A banda ainda faz turnês, mas os únicos integrantes originais são Simmons e Paul Stanley, dois garotos judeus de Nova York que tinham em comum uma ambição clara e nenhuma tendência autodestrutiva. O baterista Peter Criss e o guitarrista Ace Frehley, que seguiram à risca o lema de “festa todo dia”, batiam carros esportivos e jogavam móveis de janelas de hotéis, foram embora há muito tempo. Às vezes, Simmons e Stanley falam sobre os antigos companheiros com um carinho distante, como se eles estivessem dentro de seus próprios caixões do Kiss, e não tendo vidas tranquilas em Nova Jersey e San Diego, respectivamente.

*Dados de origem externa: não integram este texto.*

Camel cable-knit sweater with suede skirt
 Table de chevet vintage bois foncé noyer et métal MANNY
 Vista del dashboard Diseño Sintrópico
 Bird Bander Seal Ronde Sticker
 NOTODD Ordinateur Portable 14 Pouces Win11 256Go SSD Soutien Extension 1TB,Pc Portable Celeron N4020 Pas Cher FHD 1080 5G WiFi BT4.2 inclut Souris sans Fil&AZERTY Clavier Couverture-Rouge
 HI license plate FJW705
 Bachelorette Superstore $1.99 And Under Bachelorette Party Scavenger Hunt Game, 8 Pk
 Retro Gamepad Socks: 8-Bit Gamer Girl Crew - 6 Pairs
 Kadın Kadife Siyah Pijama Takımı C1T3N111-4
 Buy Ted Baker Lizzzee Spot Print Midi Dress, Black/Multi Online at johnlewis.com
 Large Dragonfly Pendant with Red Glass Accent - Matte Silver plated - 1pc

Por volta de 1980, a dupla demitiu o meigo e inseguro Criss, que perdeu o controle no uso de drogas. Ele é responsável pela balada “Beth”, um dos maiores hits da banda. O talentoso, mas pouco esforçado Frehley pediu as contas logo depois para seguir carreira solo. Mas nesse novo trabalho ele se empenhava mesmo era no consumo de cocaína, tranquilizantes e álcool.

Simmons e Stanley contrataram dois substitutos maquiados antes de finalmente tirarem as máscaras, em 1983. Eles já haviam começado a trabalhar em um inevitável álbum grunge quando, em 1995, Stanley e Simmons se reuniram com Frehley e Criss para um MTV Unplugged. Os renegados voltaram como funcionários assalariados. Permaneceram por seis anos de turnês loucamente bem-sucedidas, mas cheias de brigas. Hoje, Simmons e Stanley usam Tommy Thayer e Eric Singer, dois contratados confiáveis que se vestem como os personagens dos antigos membros, para desgosto considerável de Frehley e Criss, já que cada membro do Kiss havia desenhado a própria maquiagem. Criss abriu mão dos direitos de seu personagem quando saiu, enquanto Frehley licenciou os seus – diz que deve recebê-los de volta em breve.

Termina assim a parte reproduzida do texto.